Caberá ao Ministério da Economia analisar e autorizar todos os pedidos de concursos públicos na administração federal direta, nas autarquias e nas fundações. As informações são da Agência Brasil. Agora, o Ministério da Economia levará em conta 14 critérios para autorizar a realização de concursos. Um deles é a evolução do quadro de pessoal nos últimos cinco anos pelo órgão solicitante, com um documento que deve listar movimentações, ingressos, desligamentos, aposentadorias consumadas e estimativa de aposentadorias para os próximos cinco anos.

O ministério também avaliará o percentual de serviços públicos digitais ofertados pelo órgão. O governo quer que os órgãos invistam em soluções tecnológicas para simplificar o acesso aos serviços públicos, de forma a atender melhor à população e reduzir a necessidade de pessoal.

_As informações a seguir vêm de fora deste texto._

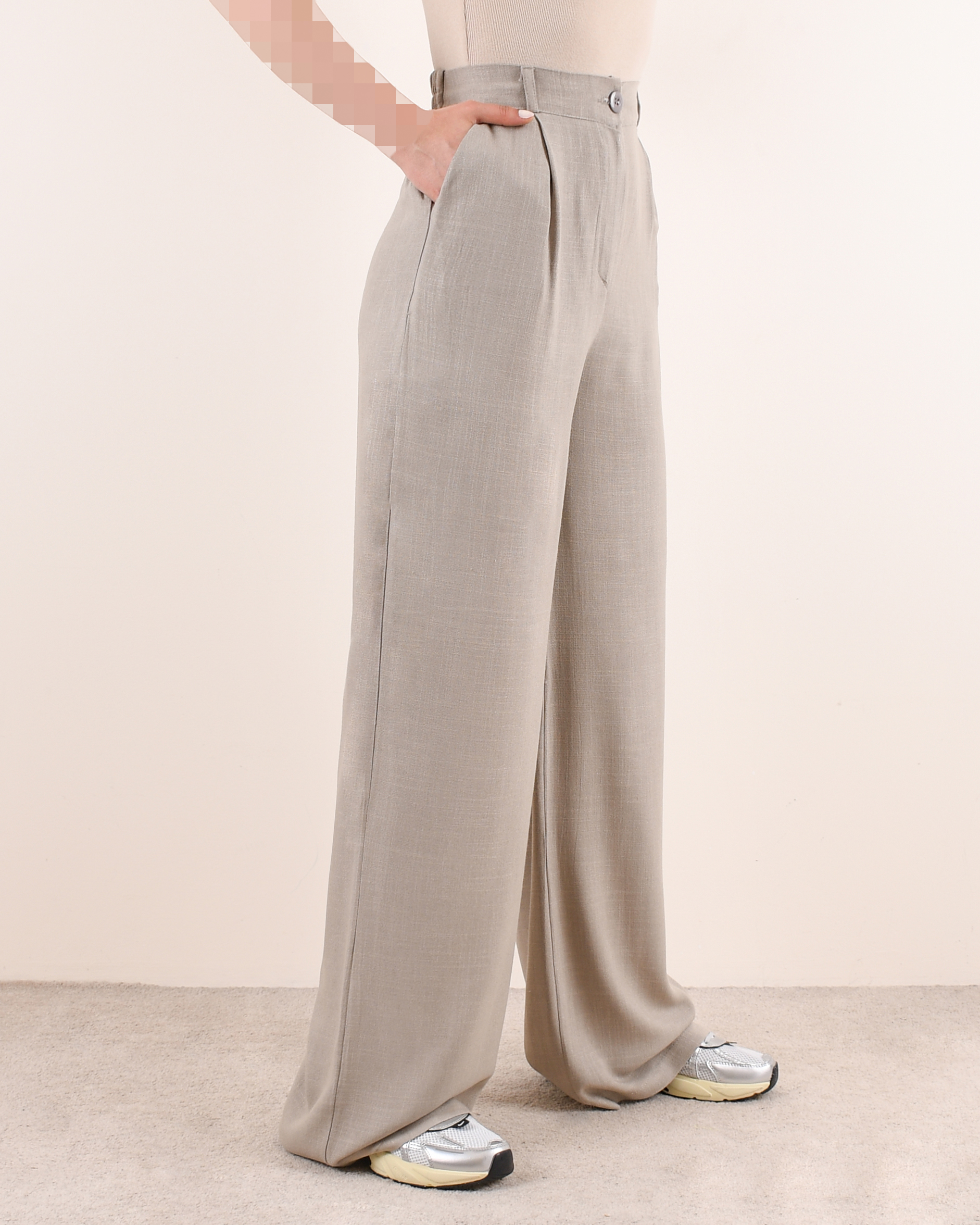 شلوار لینن اسلپ D00248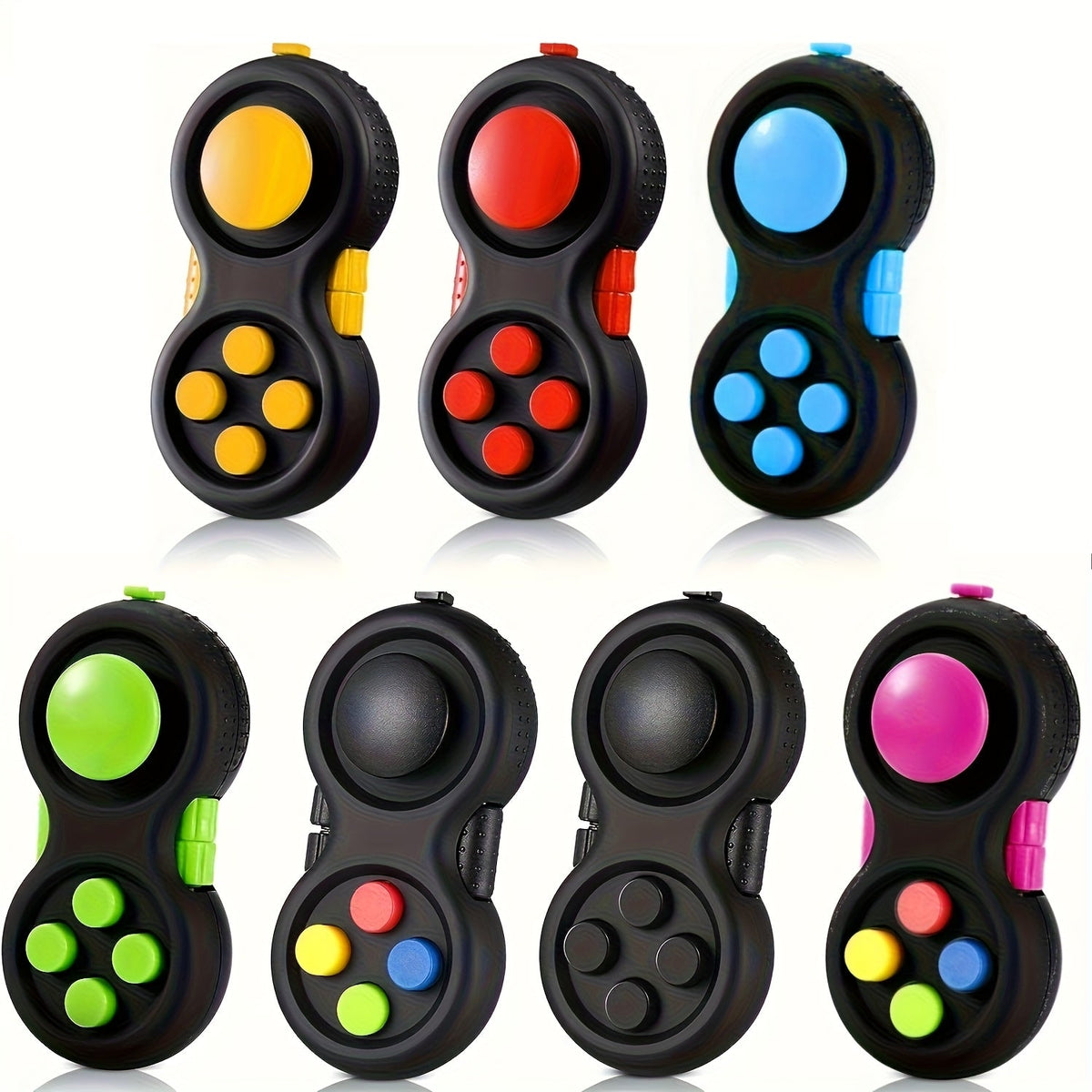 Handheld Fidget Controller Toy with Buttons, Roller, Switch and Seven-Color Checkout Assortment — image 11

Todos os anos, os órgãos federais encaminham os pedidos para a realização de concursos até 31 de maio. Após esse prazo, a SGP (Secretaria de Gestão e Desempenho de Pessoal) examina todas as demandas, de acordo com as prioridades e necessidades do governo. O resultado desse processo é levado em conta na elaboração do Orçamento do ano seguinte, que é enviado ao Congresso no fim de agosto.

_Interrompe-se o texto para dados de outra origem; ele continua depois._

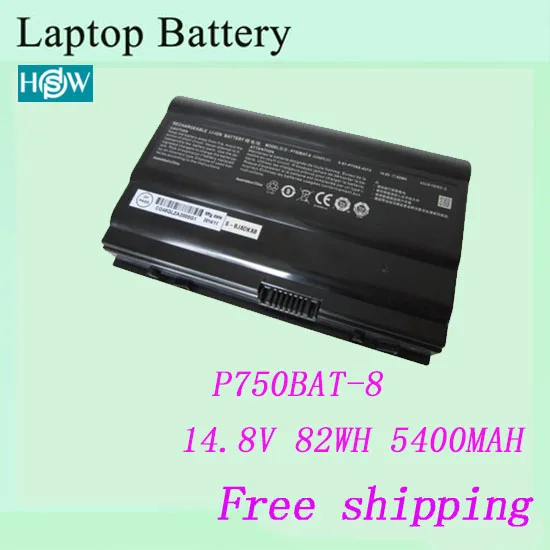 Высококачественный аккумулятор для ноутбука Clevo P750BAT 8 Sager NP9772 S NP9773 NP9752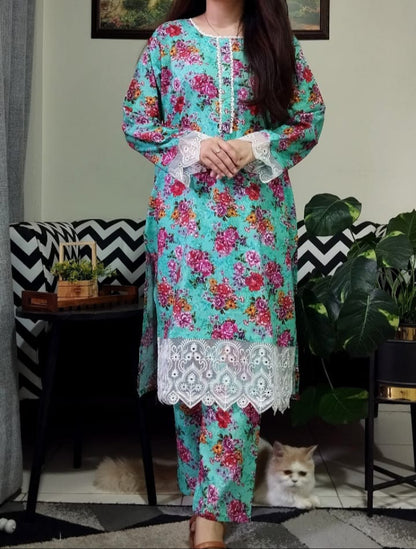 Luxury Embroidered Lawn 2-Piece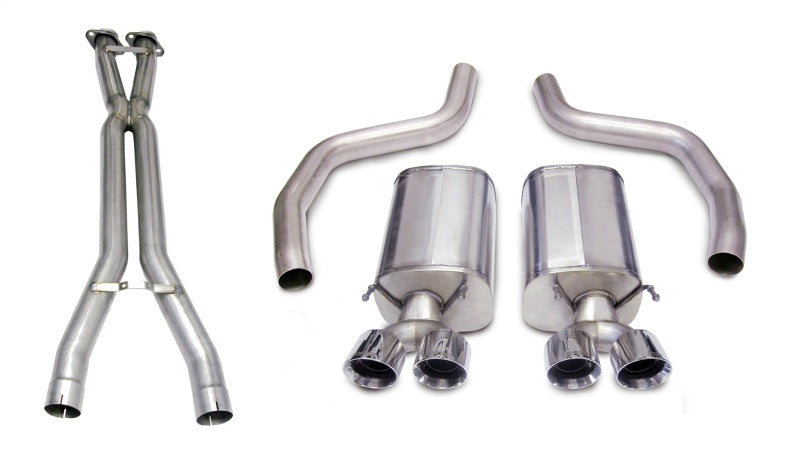 Corsa Performance 3.0" Dual Rear Exit Cat-Back Exhaust System With Twin 4.0" Tips 14164CB1 Photo - Primary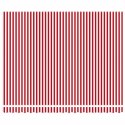 MARKIZA ZWIJANA CZERWONY I BIAŁA 400X300 CM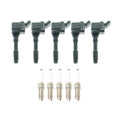 Set of 5 Ignition Coils & 5 Spark Plugs for Audi TT RS Quattro RS3 (2009–2021)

Somente após a análise, o Ministério da Economia autoriza o concurso, por meio de portarias no Diário Oficial da União. Cada órgão ou entidade federal estará liberado para organizar o concurso conforme o número de vagas liberadas.

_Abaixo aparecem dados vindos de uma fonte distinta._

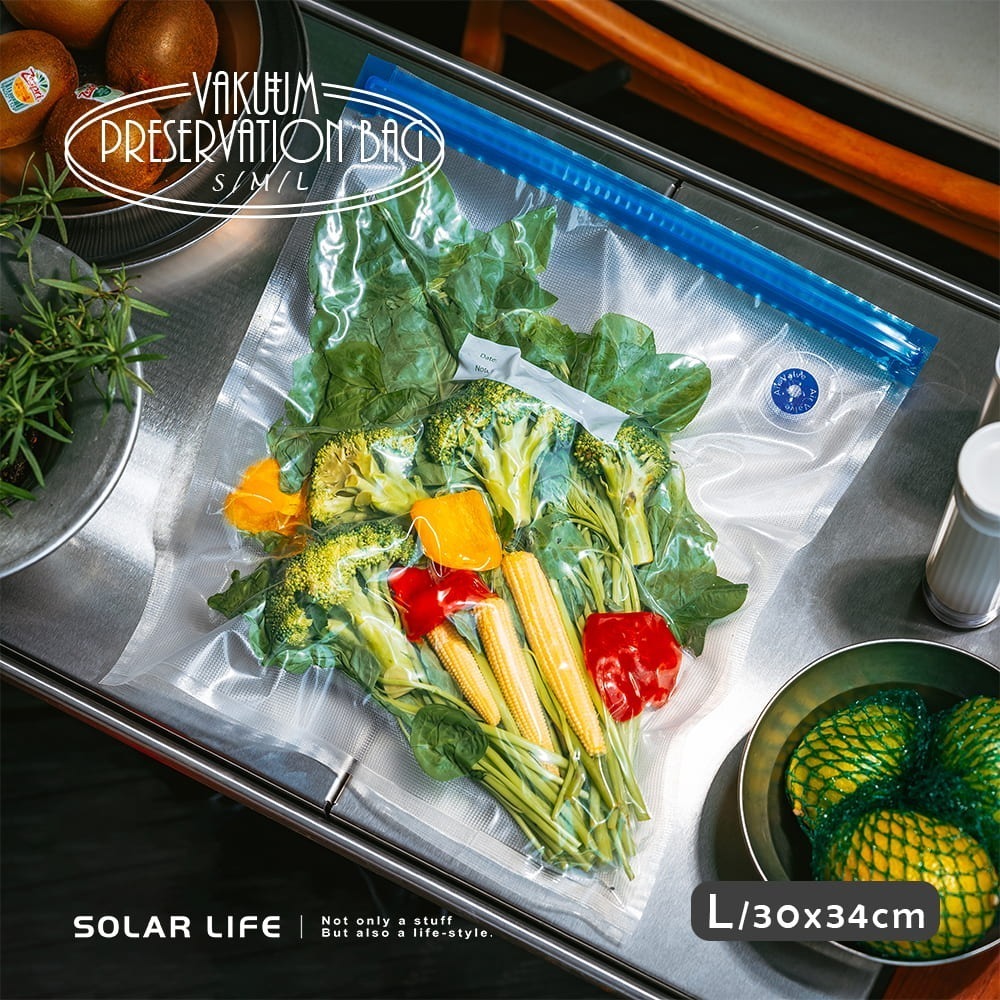 Solar Life 索樂生活 食品雙重真空保鮮袋.食物密封袋 真空夾鏈袋 舒肥真空袋 抽氣壓縮袋 蔬果真空包裝袋-細節圖10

O Artigo 169 da Constituição condiciona a admissão ou a contratação de pessoal à autorização específica da LDO (Lei de Diretrizes Orçamentárias), que define metas e prioridades para o Orçamento. Discutido pelo Congresso ao longo dos últimos quatro meses do ano, o Orçamento Geral da União reserva os recursos para as contratações.

Análise do Decreto

“Estamos atentos às mudanças implementadas pelo Decreto 9.739. Concordamos com pontos importantes como, por exemplo, as garantias de nomeação de aprovados. Entretanto, é urgente que o Congresso aprove o Estatuto o Concurso Público, que tramita na casa através do PL 252/2003. O Estatuto sim é quem vai garantir mais idoneidade e direitos dos concurseiros no Brasil. Estamos atentos”, ressalta o presidente da Associação de Apoio aos Concursos Públicos e Exames, ACONEXA, professor Renato Saraiva.

Entenda algumas mudanças

Os órgãos federais que quiserem abrir um concurso deverão justificar ao Ministério da Economia a necessidade de abertura de novas seleções mediante a aprovação em 14 critérios. As novas regras não são válidas para o poder Legislativo e Judiciário, para a Procuradoria e Diplomacia e para Polícia Federal.

A medida também estabelece que os concursos não terão prazo de validade maior que dois anos, salvo exceção em edital, não sendo permitida a prorrogação. Os editais dos concursos precisarão ser publicados integralmente no Diário Oficial com antecedência mínima de quatro meses e conter o número de vagas necessário.

O cadastro de reserva deverá ser limitado a 25% do total de vagas original. Antes era permitido 50%. Também estará mais claro o perfil dos candidatos necessário para as atividades.